Symposium
ANALYSE CANINE
Auteur(s) : Par Margaux Rysenaer
Le Symposium international de cardiologie vétérinaire 2025 a livré les dernières avancées dans la discipline, notamment sur la réparation mitrale bord-à-bord chez le chien, l’optimisation des traitements et la détection précoce des cardiopathies chez le chat.
Le dernier Symposium international de cardiologie vétérinaire (ICVS), en partenariat avec Boehringer Ingelheim, a réuni un panel d’experts pour présenter les mises à jour sur les dernières évolutions en cardiologie vétérinaire, le 26 mars 2025, en visioconférence.

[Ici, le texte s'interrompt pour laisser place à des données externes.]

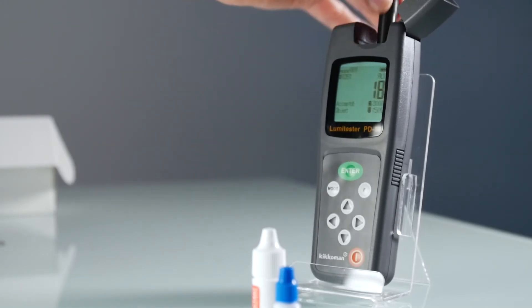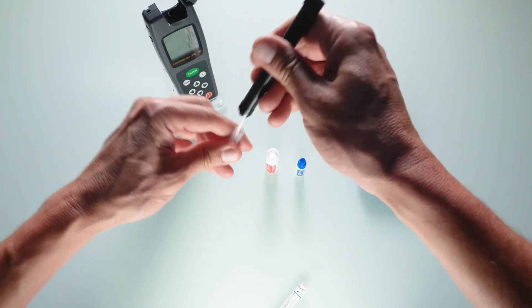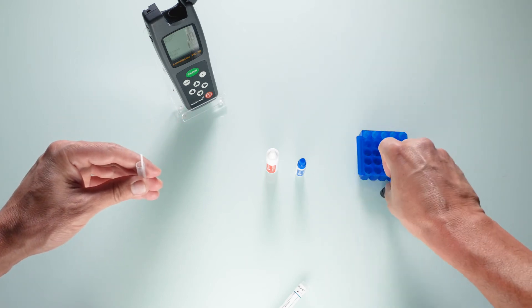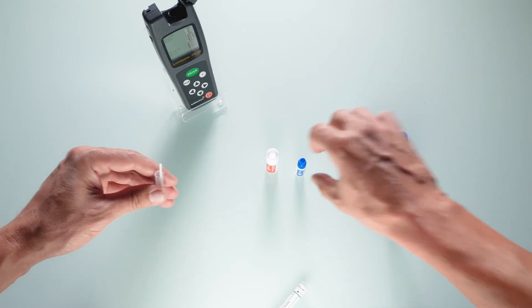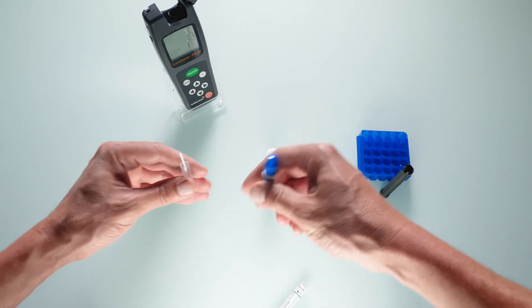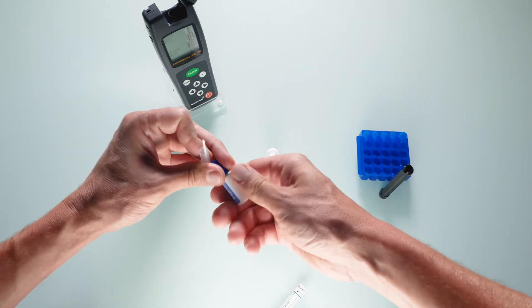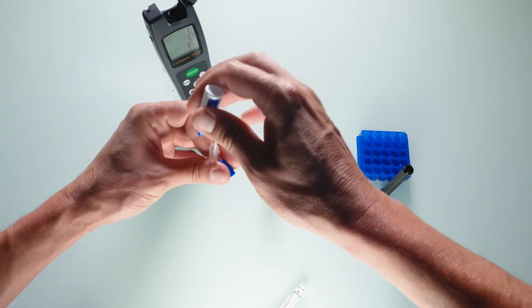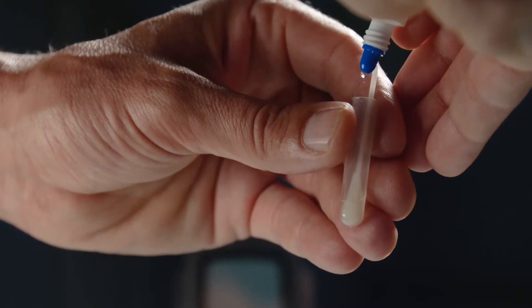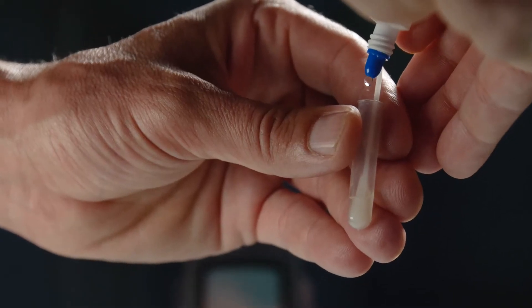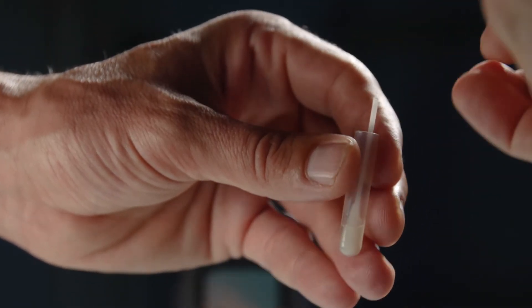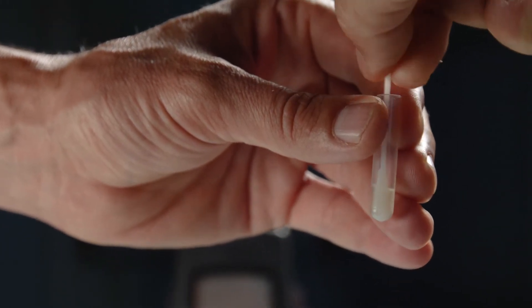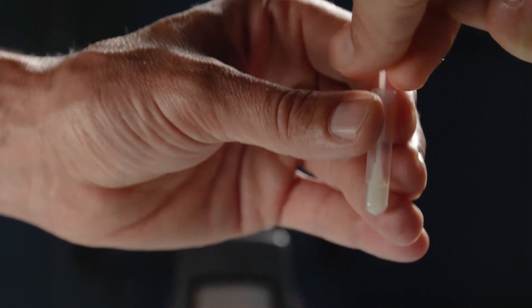Open the lid and take out the LumiTube. Add just one drop of standard into the tube, being careful not to insert the tip of the dropper bottle into the LumiTube. Correctly homogenize the mix by turning the swab inside the LumiTube.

Mises à jour sur la réparation bord-à-bord de la valve mitrale
La maladie dégénérative de la valve mitrale (MVD) est une affection cardiaque courante chez le chien, souvent responsable de régurgitation et pouvant conduire à une insuffisance cardiaque. La technique de réparation bord-à-bord de la valve mitrale, initialement développée en cardiologie humaine, a été adaptée à la médecine vétérinaire. Chez le chien, cette intervention est réalisée à l’aide du dispositif V-Clamp1, implanté par une approche chirurgicale transapicale. Contrairement à la méthode percutanée utilisée chez l’homme, cette technique nécessite un accès direct au cœur par l’apex du ventricule gauche.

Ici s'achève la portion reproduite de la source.